If his defense is accurate, that’s great. It certainly makes him look like much less of a dick, which could also be his spin. As you note, it looks like the assistant hasn’t said publicly if the story is true (or did I miss that?).

But as you note, it appears that if people thought it was/had been true, they were still willing to step up and defend him none the less.

Indeed. We all fall victim to our internal biases that make us immune to facts sometimes.

3 Likes

4 Likes

Obligs:

It seems to me that both attributes are some seriously superficial reasons for allowing someone to ‘slide’ on standards to which other “regular” people are rigidly held.

3 Likes

From Twitter (now deleted) in regards to Chris Brown beating up Rihanna:

@KatyyMyLady
I know Rihanna didn’t like it much, but Chris brown you can punch me in the face all you want. #sorrynotsorry #sexy

And it’s just one of many. Chris Brown still has a fairly lively career and a lot of his fans had zero problem with him beating up a woman. There’s loads of examples like this with other celebrities, obviously this is not a secret but i do find it frustrating that the public and the court system is very lenient towards the rich and famous.

1 Like

Don’t even get me started on that over-hyped douchebag.

The girl (presumably) who wrote that foolish shit, likely thinking it was edgy, would probably be the first one to sue him if Brown even breathed on her wrong, let alone punched her in the face.

I guess that’s what’s most bothersome to me about this disturbing trend of defending the indefensible; it seems like it’s often just for the negative attention.

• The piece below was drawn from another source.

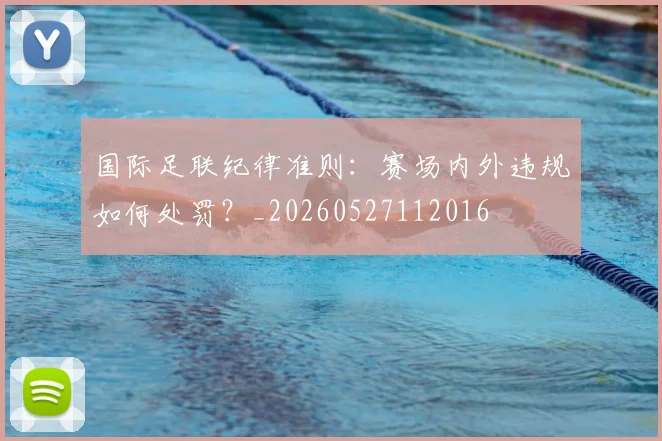 国际足联纪律准则:赛场内外违规如何处罚?_20260527112016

While I’m sure that some people are legitimately serious in their support, many people who lept to Musk’s/Patterno’s/Cosby’s/Brown’s/Whoever’s defense would change their tunes in a heartbeat if it was them or someone they cared about who was adversely affected.

Understatement.

4 Likes

I’ll be the first to agree that Jobs was overrated. Hell, Musk may be too. While Tesla and SpaceX may become viable, the Hyperloop idea is pure folly. I am not here really to defend specific people, rather just pointing out we compartmentalize all the time. People we like and respect we give way more leeway against people we don’t.

It isn’t exactly the same thing, but it shows how much shit we can tolerate with people because of personal bonds. The bonds between one and celebrities or idols or people we are fans of are real too (in our minds) and its an example of how we excuse so much of their behavior. And vise versa.

Yeah, that really highlights apologetics gone astray.

I agree that’s an issue and we shouldn’t be so enamored with someone to not condemn their bad behavior.

Of course popular people - for what ever reason - often get more free passes. I bet if one thought about people they knew they could think of people who could get away with things others couldn’t. Their bad behavior was accepted as, “Ah, that’s Pat for you!”

2 Likes

Just how long do you think it took for Musk to hire a new assistant?

“the real story is that at some point he realized he needed several specialists instead of one generalist”

And that just happened to coincide with the woman asking for a raise?

It seems possible that both versions are true, but Musk is thinking of another assistant he let go.

That’s pretty much what’s always said about my older sister (aka ‘the antichrist’) anytime she does something fucked up, which is often; “Well, you know how 'Vita is!”

O_o

I agree; it’s rather unsettling to know how much our own individual biases impact our supposed moral compasses.

3 Likes

I have been in a Tesla; there’s a storefront at the local mall. It’s a beautiful car. And when it first came out it literally broke the safety rating scale because the whole front end of the car is a crumple zone. So it’s a great vehicle.

But it’s not one that most people probably need. There’s a ton of them where I live, it’s a rich area and they’re status symbols. There’s also about 90,000 Nissan Leafs; a much more affordable fully-electric vehicle.

Tesla did it really well, but other car companies are doing perfectly adequate cars at a fraction of the price. An EV under $30,000 has no sales tax in Washington, that’s one reason we went with a Leaf.